Chronic thromboembolic pulmonary hypertension (CTEPH) is a major cause of progressive pulmonary hypertension and right heart failure. Approximately 0.5%–3.8% of patients who suffer an acute pulmonary embolism will develop CTEPH, and many investigators believe the true incidence is higher because some patients are eventually diagnosed without a clear history of acute pulmonary embolism.^1-6

Unlike other forms of pulmonary hypertension, CTEPH is curable by pulmonary thromboendarterectomy (PTE). Considerations in proceeding with PTE include whether the disease is surgically accessible, whether hemodynamic normalization should be expected given other comorbidities or microvascular disease, and whether operative risks are worthwhile in mildly symptomatic patients knowing that foregoing early PTE allows for the chance that secondary vasculopathy and worsening hemodynamics might develop.^1,7

Preoperative evaluation of CTEPH patients includes right heart catheterization and pulmonary angiography. Coronary angiography is often performed to rule out obstructive coronary artery disease. During these workups at the University of California, San Diego (UCSD), Medical Center, coronary artery–pulmonary artery collaterals have been identified. Whereas bronchopulmonary collaterals are a well-established phenomenon in the current CTEPH literature and serve as an auxiliary prognostic indicator,^8-10 coronary artery–pulmonary artery collaterals have not previously been described. We sought to determine the prevalence and predictors of coronary artery–pulmonary artery collaterals in patients with CTEPH undergoing workup for possible PTE.

Methods

CTEPH patients

The study included 300 consecutive patients with CTEPH who underwent coronary angiography between January 1, 2007, and May 1, 2014, as part of a preoperative workup for PTE at the UCSD Medical Center. At this institution, coronary angiography is performed to rule out obstructive coronary disease prior to PTE in men more than 40 years of age, women more than 45 years of age, and younger patients who have significant cardiac risk factors.

Each patient’s electronic medical record was reviewed to confirm the diagnosis of CTEPH. This diagnosis was made on the basis of precapillary pulmonary hypertension (mean pulmonary arterial pressure [PAP] of ≥25 mmHg and pulmonary capillary wedge pressure of ≤15 mmHg) as well as findings indicative of chronic occlusive thrombi on ventilation-perfusion scans and pulmonary angiograms.^2,11,12 Pulmonary angiogram reports were reviewed for extent of pulmonary artery obstruction. Demographic information, including age, sex, race, and comorbidities, was collected. Functional capacity (World Health Organization class) and hemodynamic data were also obtained.

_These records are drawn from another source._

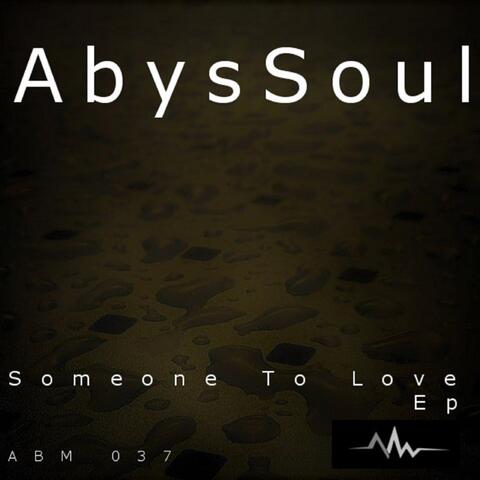 Someone To Love EP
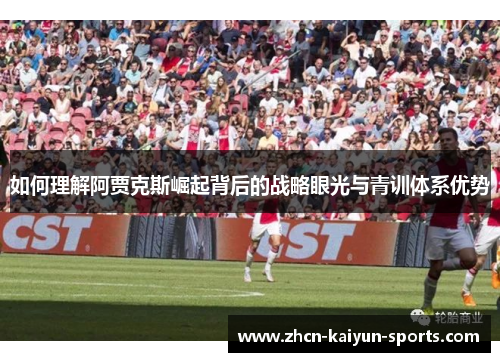 如何理解阿贾克斯崛起背后的战略眼光与青训体系优势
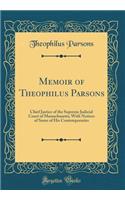 Memoir of Theophilus Parsons: Chief Justice of the Supreme Judicial Court of Massachusetts; With Notices of Some of His Contemporaries (Classic Reprint)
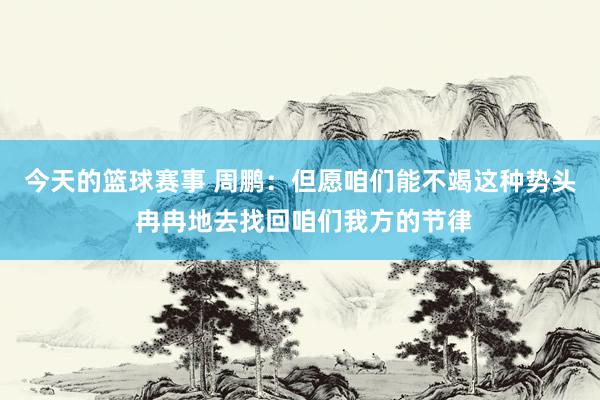 今天的篮球赛事 周鹏：但愿咱们能不竭这种势头 冉冉地去找回咱们我方的节律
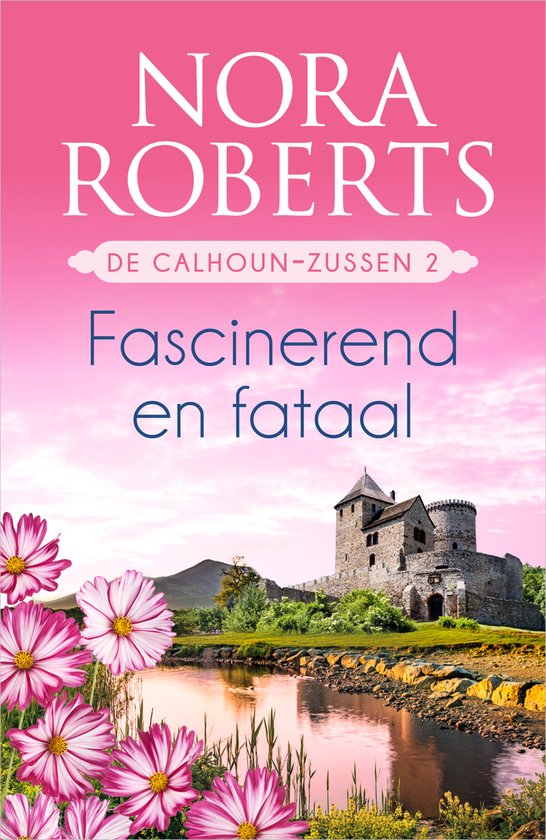 De Calhoun-zussen 2 - Fascinerend en fataal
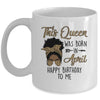 Queen Was Born In April Black Girl Birthday Mothers Day Mug | teecentury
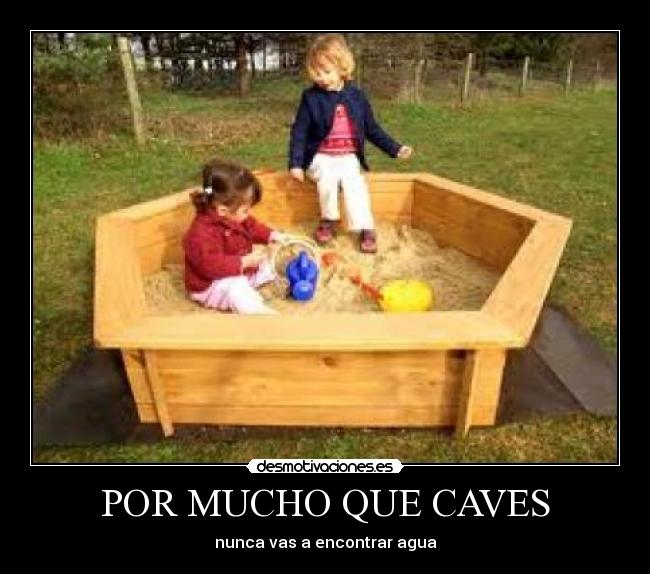 POR MUCHO QUE CAVES - nunca vas a encontrar agua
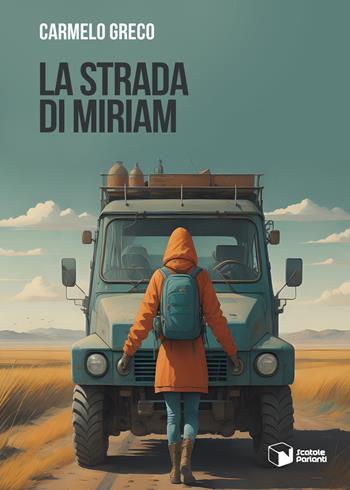 La strada di Miriam - Carmelo Greco - Libro Scatole Parlanti 2023, Voci | Libraccio.it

Collateral vessel analysis

A cardiologist blinded to the pulmonary angiogram results reviewed the coronary angiogram of each subject for evidence of collateral vessels from the coronary arteries to the pulmonary arteries. The images were divided into two categories: (1) adequate (images that provided sufficient visualization of the distal ends of all coronary artery branches) and (2) indeterminate (images that provided insufficient visualization of the ends of all coronary artery branches, e.g., due to failure to pan sufficiently, too-short acquisition, poor opacification of the vessel lumen, or ill-defined heart border).

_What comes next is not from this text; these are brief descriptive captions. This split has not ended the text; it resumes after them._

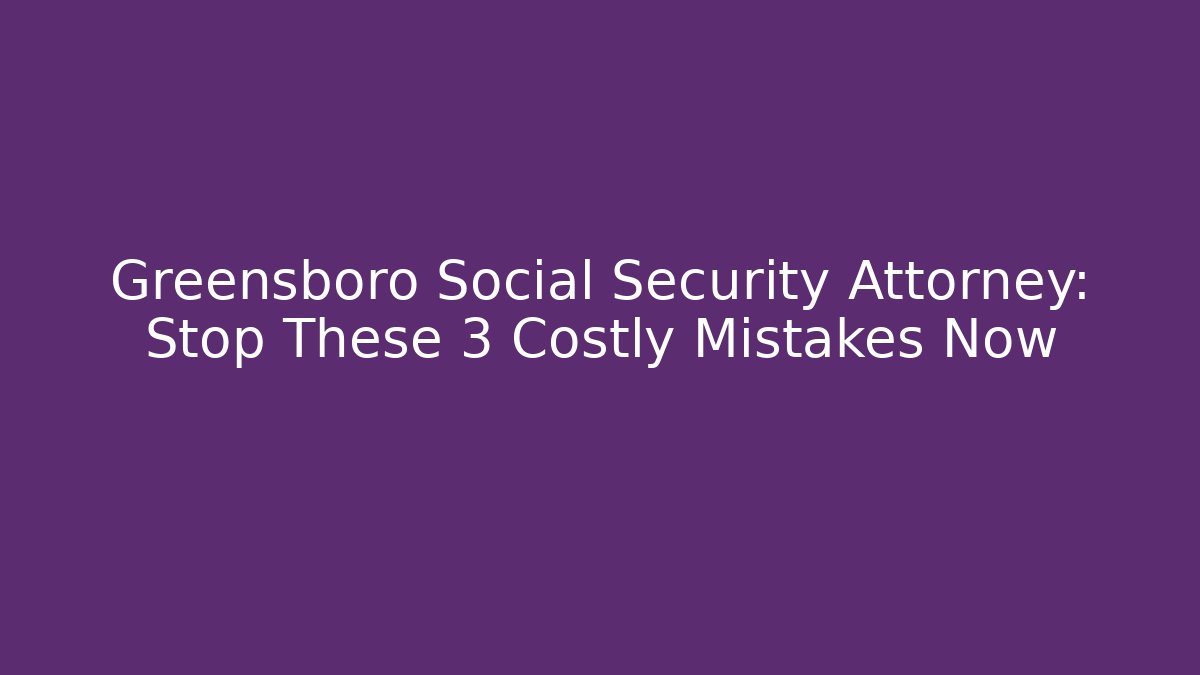 Greensboro Social Security Attorney: Stop These 3 Costly Mistakes Now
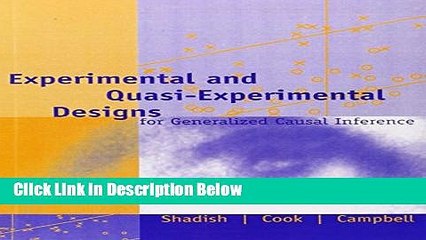 [Get] Experimental and Quasi-Experimental Designs for Generalized Causal Inference Online New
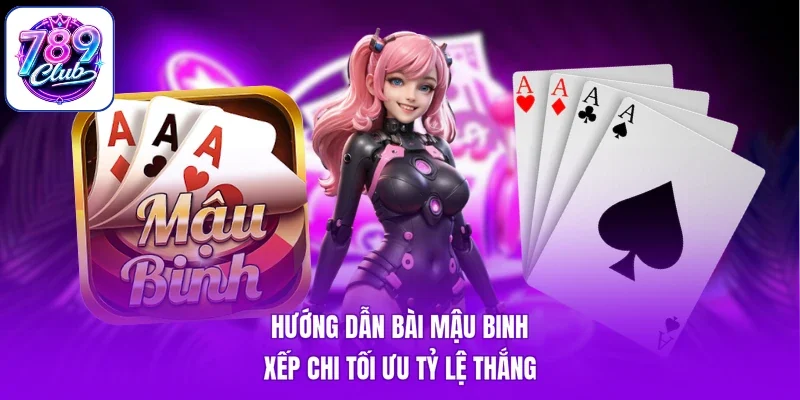 Hướng Dẫn Bài Mậu Binh - Xếp Chi Tối Ưu Tỷ Lệ Thắng
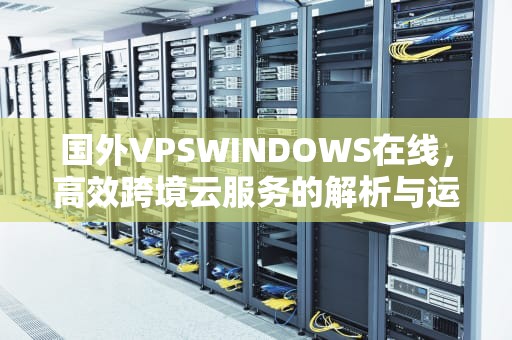 国外VPSWINDOWS在线，高效跨境云服务的解析与运用，国外VPSWINDOWS在线软件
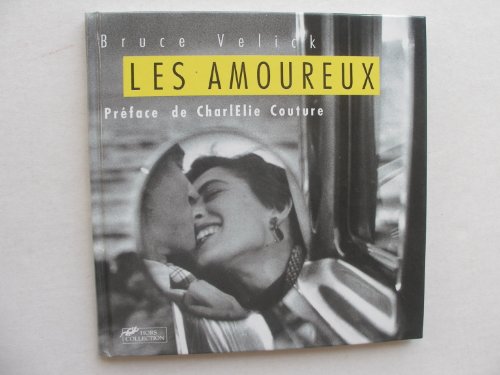 Stock image for Les amoureux Velick, Bruce for sale by LIVREAUTRESORSAS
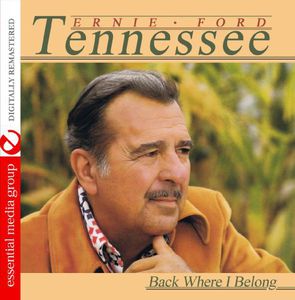 Back Where I Belong , Tennessee Ernie Ford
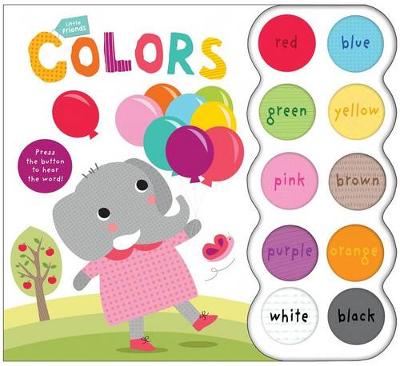 Cover of Little Friends Sound Book: Colors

Adequate images were examined for definite collaterals, visualized on the cineangiogram extending beyond the heart border and into the pulmonary region. Indeterminate images were examined for potential coronary artery–pulmonary artery collaterals, which were subdivided into three groups—probable, possible, and unlikely—as follows: (1) probable collaterals displayed more than one collateral-like characteristic, such as a caliber equal to or larger than other branching vessels, significant tortuosity, and plexus-like appearance,¹³ but terminated outside the view of the cine images and could not be confirmed to be supplying the pulmonary territory; (2) possible collaterals were equal to or larger than other branching vessels but terminated outside the view of the cine images and could not be confirmed; and (3) unlikely collaterals were small in caliber but terminated outside the view of the cine images and could not be completely excluded.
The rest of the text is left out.